TASK DATA:
------------------------------------------------------------

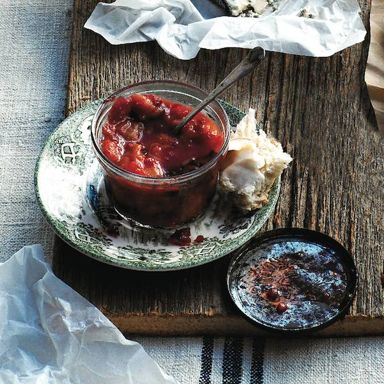Plum and walnut chutney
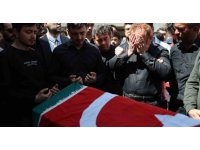 Saldırıda ölen öğretmenin eşi ve çocukları tabut başında gözyaşı döktü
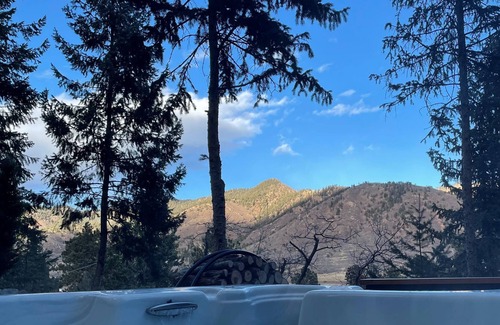 Cascade-Chipita Park House | Modern Mountain Getaway: Mountain Views - Hot Tub - Pikes Peak! Hosts 12 guests.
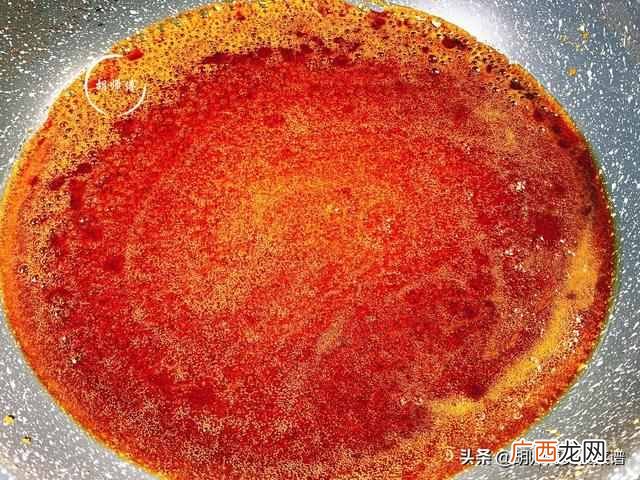 糖色应该怎么炒？？炒糖色时，切记别直接下锅炒！大厨教你正确做法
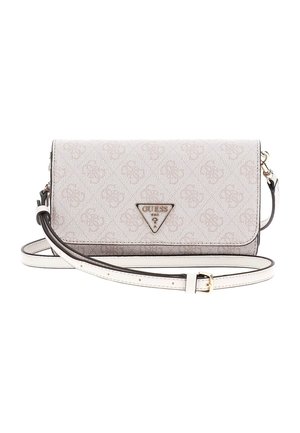 Petit sac bandoulière gris clair avec sangle réglable, surface à motifs et logo métallique triangulaire Guess sur le rabat avant.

------------------------------------------------------------

Copy exactly the lines running from the beginning of the listing through the line that has "糖色应该怎么炒？？炒糖色时，切记别直接下锅炒！大厨教你正确做法". Drop the pictures.

THE ANSWER:
Plum and walnut chutney
 Saldırıda ölen öğretmenin eşi ve çocukları tabut başında gözyaşı döktü
 Cascade-Chipita Park House | Modern Mountain Getaway: Mountain Views - Hot Tub - Pikes Peak! Hosts 12 guests.
 糖色应该怎么炒？？炒糖色时，切记别直接下锅炒！大厨教你正确做法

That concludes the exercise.